-- Data under study follows --
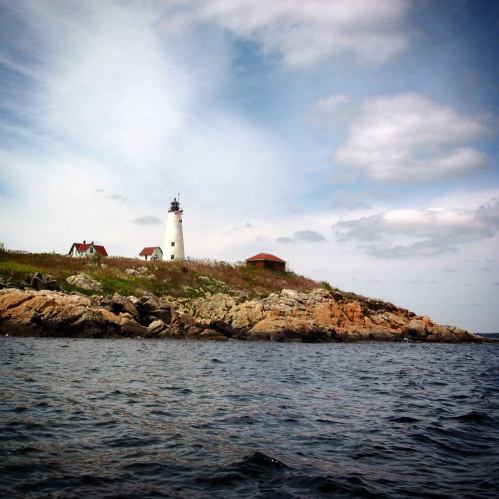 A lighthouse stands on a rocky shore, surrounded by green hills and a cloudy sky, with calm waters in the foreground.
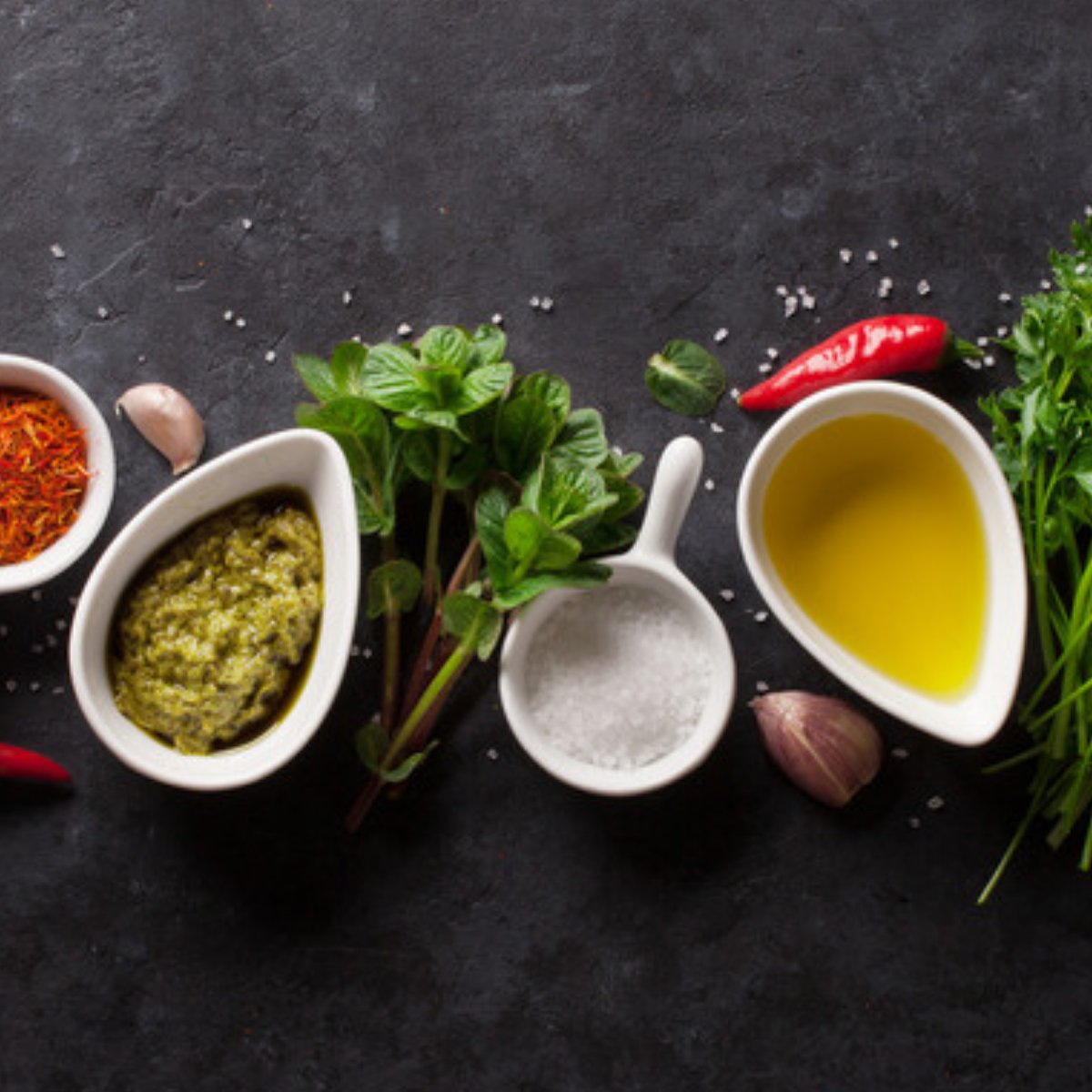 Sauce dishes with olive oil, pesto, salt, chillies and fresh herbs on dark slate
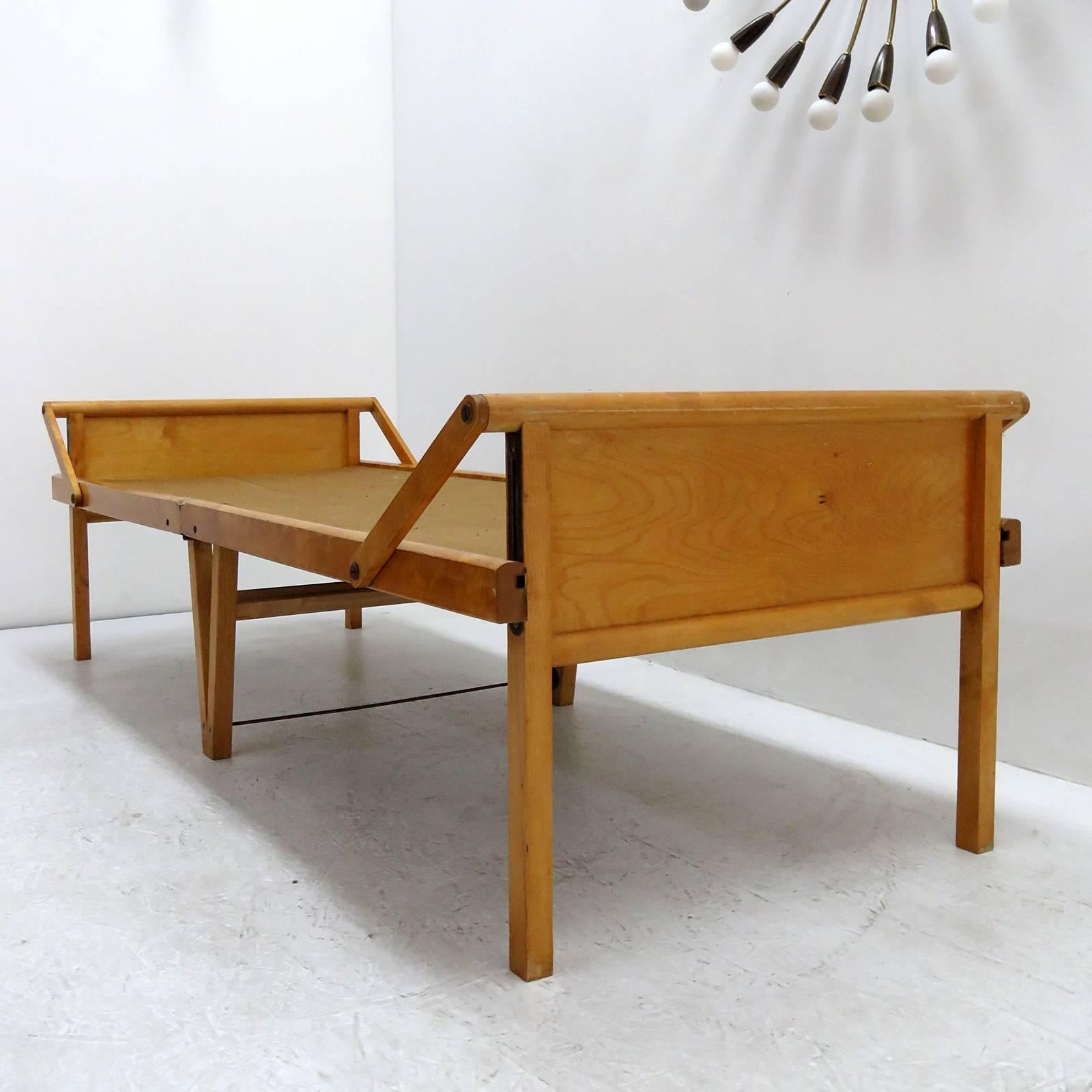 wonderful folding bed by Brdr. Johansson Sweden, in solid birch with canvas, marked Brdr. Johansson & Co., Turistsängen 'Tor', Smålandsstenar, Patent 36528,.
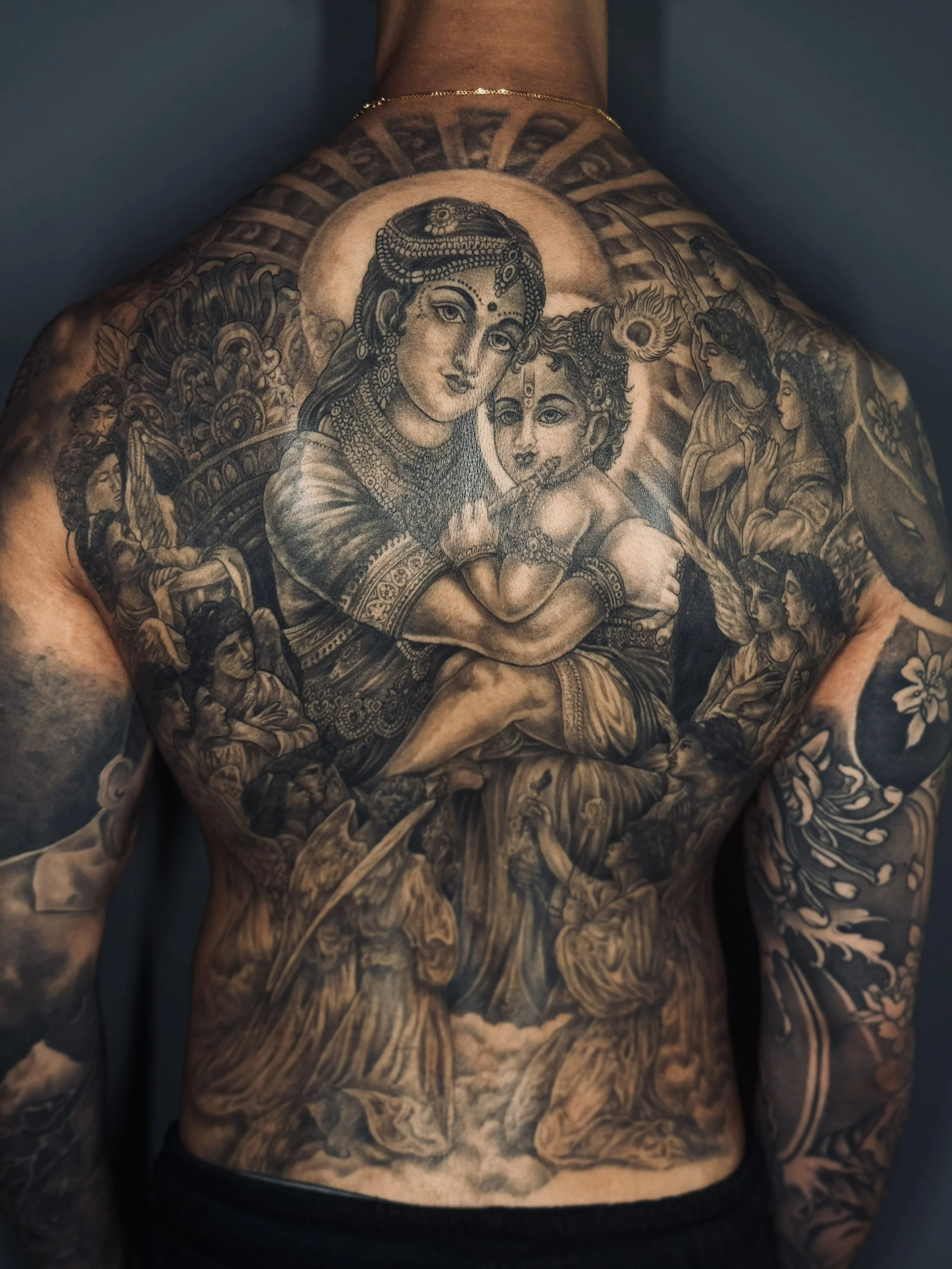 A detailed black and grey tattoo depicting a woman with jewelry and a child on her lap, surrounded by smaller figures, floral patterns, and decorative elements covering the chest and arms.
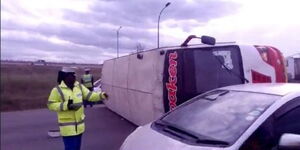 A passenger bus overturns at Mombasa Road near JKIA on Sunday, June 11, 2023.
-- Data under study concluded --
● Task instructions: Copy every line above word for word and exclude the pictures.

● Exercise response:
 A lighthouse stands on a rocky shore, surrounded by green hills and a cloudy sky, with calm waters in the foreground.
 Sauce dishes with olive oil, pesto, salt, chillies and fresh herbs on dark slate
 wonderful folding bed by Brdr. Johansson Sweden, in solid birch with canvas, marked Brdr. Johansson & Co., Turistsängen 'Tor', Smålandsstenar, Patent 36528,.
 A detailed black and grey tattoo depicting a woman with jewelry and a child on her lap, surrounded by smaller figures, floral patterns, and decorative elements covering the chest and arms.
 A passenger bus overturns at Mombasa Road near JKIA on Sunday, June 11, 2023.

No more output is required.